Column Stores vs Row Stores
Here’s a quick comparison between columnar and row oriented databases:
Parameter | Column Stores | Row Stores |
---|---|---|
Storage | By column | By row |
Compression | Very high | Moderate |
Query speed | Very fast for analytics | Fast for transactions |
Updates | Slow | Very fast |
Use cases | Analytics & BI | Transactions & OLTP |
Examples | Redshift, BigQuery, Vertica | MySQL, PostgreSQL, Sqlite |
Implementing a Column Store
To implement a basic column store, these are the key steps:
- Store each column as a separate file on disk.
- Use metadata to track row membership across columns.
- Compress each column file using algorithms like LZW.
- Read only relevant columns for each query.
- Employ vectorized processing for column scans.
For updates, deletes require tombstones while inserts need some scheme to synchronize across columns.

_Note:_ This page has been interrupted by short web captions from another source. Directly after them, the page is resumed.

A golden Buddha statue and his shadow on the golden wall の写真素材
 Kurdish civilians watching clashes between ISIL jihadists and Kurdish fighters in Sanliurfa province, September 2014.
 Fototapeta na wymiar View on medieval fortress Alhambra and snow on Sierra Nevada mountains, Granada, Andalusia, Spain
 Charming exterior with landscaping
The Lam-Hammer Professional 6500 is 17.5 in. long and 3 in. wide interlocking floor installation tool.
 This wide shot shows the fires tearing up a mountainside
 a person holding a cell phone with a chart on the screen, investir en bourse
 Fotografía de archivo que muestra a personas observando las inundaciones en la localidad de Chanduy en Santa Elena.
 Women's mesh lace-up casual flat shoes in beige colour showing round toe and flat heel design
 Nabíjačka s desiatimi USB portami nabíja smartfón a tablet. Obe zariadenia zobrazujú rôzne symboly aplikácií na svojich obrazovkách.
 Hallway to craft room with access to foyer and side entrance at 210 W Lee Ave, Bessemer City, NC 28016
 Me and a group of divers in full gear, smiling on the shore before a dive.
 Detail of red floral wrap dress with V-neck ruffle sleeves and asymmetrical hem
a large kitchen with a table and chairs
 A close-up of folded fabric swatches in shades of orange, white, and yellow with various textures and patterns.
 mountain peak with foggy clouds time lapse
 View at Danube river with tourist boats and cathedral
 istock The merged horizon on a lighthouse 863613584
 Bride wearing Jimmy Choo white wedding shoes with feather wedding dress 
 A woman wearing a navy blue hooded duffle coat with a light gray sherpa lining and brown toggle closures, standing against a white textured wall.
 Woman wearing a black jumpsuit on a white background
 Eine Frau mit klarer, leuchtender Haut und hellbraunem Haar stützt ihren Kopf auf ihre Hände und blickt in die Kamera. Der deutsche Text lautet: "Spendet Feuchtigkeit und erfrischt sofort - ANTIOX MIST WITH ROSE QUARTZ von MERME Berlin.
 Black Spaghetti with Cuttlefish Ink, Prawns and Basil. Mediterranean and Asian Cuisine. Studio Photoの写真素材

More advanced implementations allow:
- Distributed storage across nodes
- Parallelized queries using MPI
- Caching hot columns in memory
- Encrypted and compressed storage for security
But the core ideas remain the same – split tables into columns, then store and process them separately.
Is columnar database SQL or NoSQL?
Columnar databases can be either SQL or NoSQL.
SQL columnar databases like Amazon Redshift, Google BigQuery, and Snowflake support standard SQL for querying data. They use a columnar storage engine underneath to provide performance benefits transparently to the user. The columnar nature is handled internally, while exposing standard relational SQL interfaces.
NoSQL columnar databases like Cassandra and ScyllaDB also offer columnar storage layouts as an option. These are primarily key-value NoSQL databases, but allow tables to be configured with column-orientation for analytics workloads. They support basic APIs like PUT and GET rather than SQL.
Advantages of Columnar Databases
Here are some of the advantages columnar databases provide:
- Compression – High compression ratios of 10x or more reduces storage costs.
- Query Performance – Accessing only necessary columns makes queries much faster.
- Vectorization – Single operations on column vectors leverages CPU parallelism.
- Analytics – Perfect fit for analytics/BI workloads with aggregations across huge datasets.
- Flexibility – New analytic indices can be added without affecting data.
- Scalability – Scale out using distributed storage and parallel execution.
- Availability – Replication and distributed query engines provide high availability.
Disadvantages of Columnar Databases
Columnar databases also come with some limitations:
- Updates – Modifying and deleting data is slower and more complex.
- Transactions – Lack of row-level locking makes transactions difficult.
- Overheads – Added complexity for inserts, deletes and locking mechanisms.
- Joins – Joins on unsorted data can be slow. Requires sortedness or indices.
- Not fit for OLTP – Overheads and inability to do fast point queries.
So columnar stores are not meant for transactional systems. They best suit analytical workloads.
Why We Use Columnar Databases?
Column oriented databases are a perfect fit for modern analytics pipelines dealing with huge datasets. By storing data column-by-column and then processing them separately, they achieve compression and performance improvements of an order of magnitude or more. This makes insightful analysis over massive data possible. Leading analytic solutions are built using columnar storage and processing for these reasons.
However, column stores are not optimal for transactional workloads. Row oriented databases are better suited for point lookups, updates and inserts. The strengths of both can be obtained by using columnar storage for analytics and row storage for transactions.